Brief skirmishes with Yugoslav communist guerrillas were his first introduction to combat. By October 1950, Hackworth landed in Korea just in time for the second communist onslaught in the new war, this time with a massive Chinese army along with North Koreans. During his two tours in Korea, he earned three Silver Star medals for valor, three Purple Hearts, and a battlefield commission to lieutenant. He finished up the war as a captain and left the Army. Bored with civilian life, he returned to the Army in 1956.
Despite volunteering for advisor duty in Vietnam in the early 1960s, he did not make it to that war until 1965, as a major with the 101st Airborne Division “Screaming Eagles”. It was during this first tour that Hack began his crusade to revise Army tactics, designed for European battlefields, which were murderous to the soldiers struggling against the highly experienced North Vietnamese Army and Viet Cong guerillas.

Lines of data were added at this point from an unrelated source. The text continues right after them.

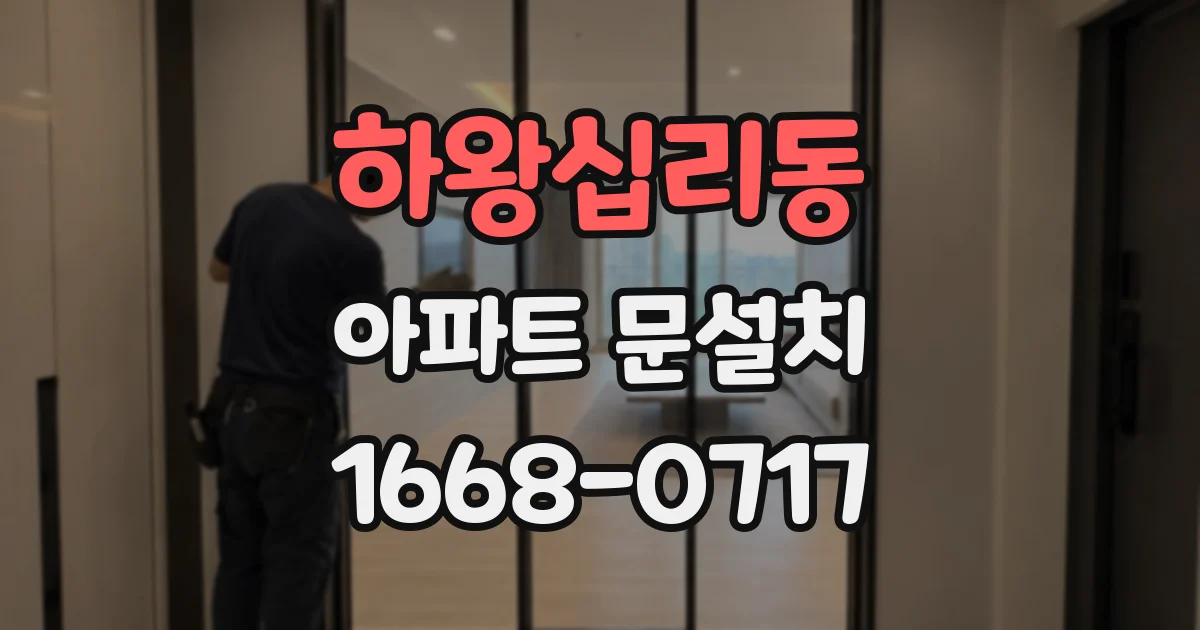 하왕십리동 아파트 문설치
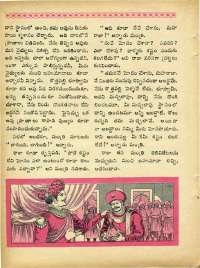 June 1969 Telugu Chandamama magazine page 42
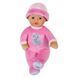 Лялька Baby Born серії For babies &ndash; Ніжна Соня (30 см) 288453 фото 1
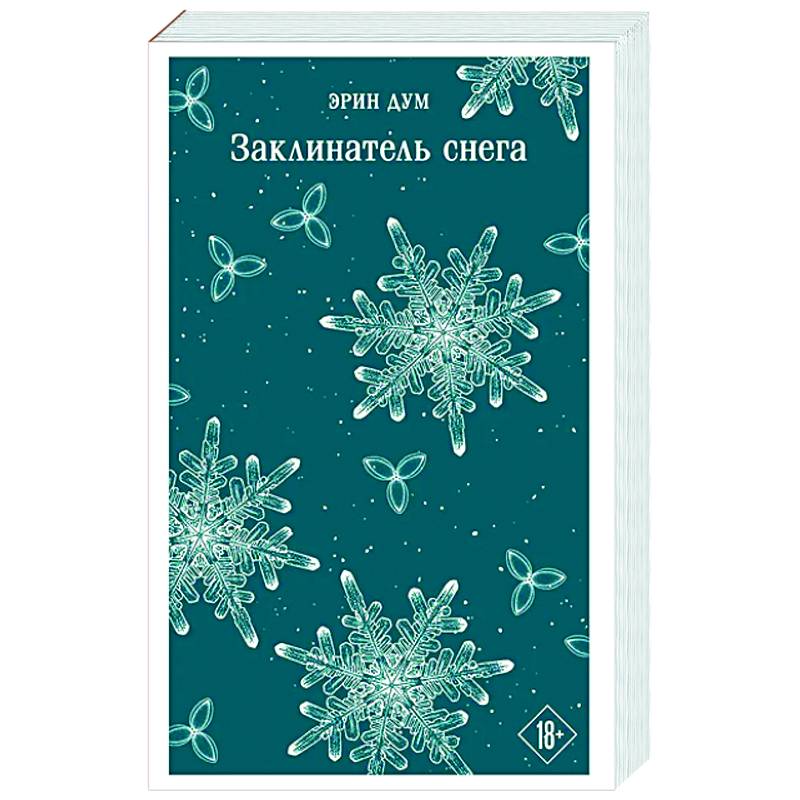 Заклинатель снега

After fighting in the same “successful,” larger campaign that included the battle in the Ia Drang Valley made famous by the book and movie We Were Soldiers, Hack realized the Vietnamese enemy learned from every action, every mistake and were masters of turning the last success of U.S. forces into the next defeat for them. His revelations and subsequent experiences in his battlefield laboratory led to the Army’s publication of his Vietnam Primer, intended for officers arriving in Vietnam to hit the ground running with tactics that worked. Much to his dismay, and despite continued intense efforts over several more tours in Vietnam, his lessons were largely ignored, resulting in the heavy casualties and futile efforts of the U.S. military in Vietnam.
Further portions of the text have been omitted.